Conclusions and Future Work

BaKlaVa enhances the efficiency of LLM inference by judicious KV-cache memory allocation based on estimated attention head importance. The results indicate that BaKlaVa successfully maintains near-baseline performance even under high compression ratios, offering significant advancements over existing methods. Future work aims to generalize the framework for broader adaptive memory allocation and extend support for additional eviction policies to further optimize real-world deployments.

Figures

Figure 1: The attention-head similarity heuristic used in BaKlaVa. By taking the cosine similarity between the input and output, we can calculate how much change there is. The more change between the input and output of the attention head, the more important we assume it is.

Figure 2: Cosine similarity heatmap for input and output of attention heads for two different prompts in LLaMA3-8B and Qwen2.5-7B. We chose three representative layers to illustrate that attention head consistency holds across different prompts. The X-axis shows the attention heads in a layer, Y-axis represents each token position in the prompt. Green and red outlines show the highest and lowest column similarity means per layer, that is, the most and least important attention heads respectively.

Figure 3: Comparison of BaKlaVa (varying memory budgets for both layers and KV-caches), SqueezeAttention (varying memory budgets for layers), and StreamingLLM (uniform memory budget for all KV-caches) on different LongBench tasks under various compression settings.

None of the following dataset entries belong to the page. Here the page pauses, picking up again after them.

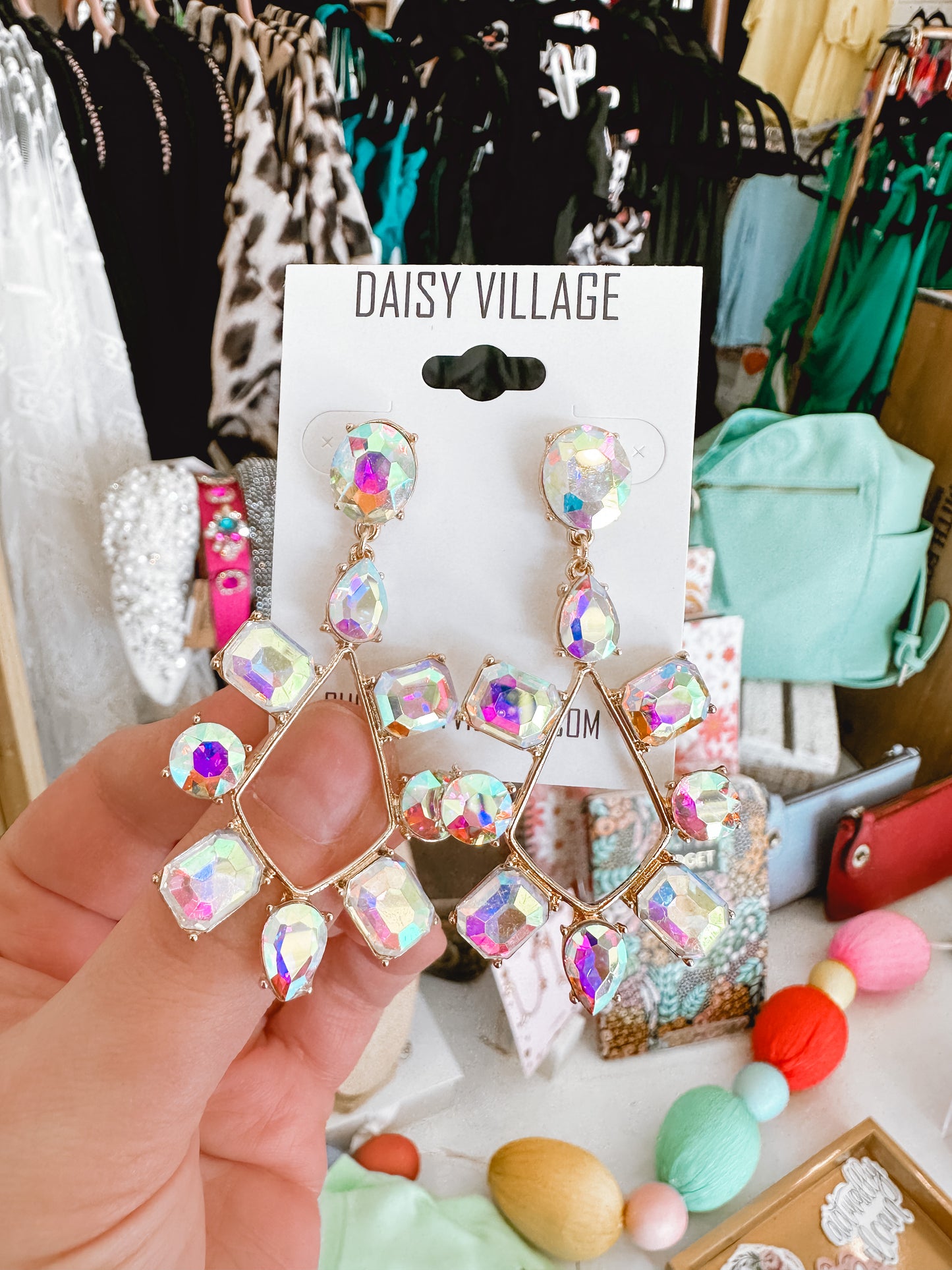 Rhombus Fire Crystal  Drop Earring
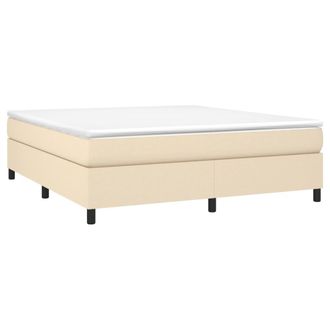 vidaXL Cama Sin Colch&oacute;n Tela Color Crema 160x200 Cm Vidaxl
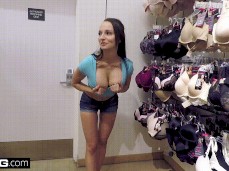 Lexi Luna flashes cleavage in lingerie section of department store gif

The LongBench datasets shown include few-shot learning(triviaqa), coding (repobench-p), multi-document question answering (2wikimqa), and summarization (gov_report).

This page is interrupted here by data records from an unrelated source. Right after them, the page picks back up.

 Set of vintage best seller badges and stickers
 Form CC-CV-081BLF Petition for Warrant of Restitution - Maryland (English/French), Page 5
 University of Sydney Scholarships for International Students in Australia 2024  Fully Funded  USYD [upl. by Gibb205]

Figure 5: Comparison of layer importance heuristics with empirical evaluation results. Layers identified as least important by both heuristic and empirical test scores are highlighted in green, while critical layers are marked in red. LlaMA3-8B and Mistral-7B-v0.1 exhibit strong alignment between heuristic predictions and empirical findings, whereas Qwen2.5-7B shows significant discrepancies.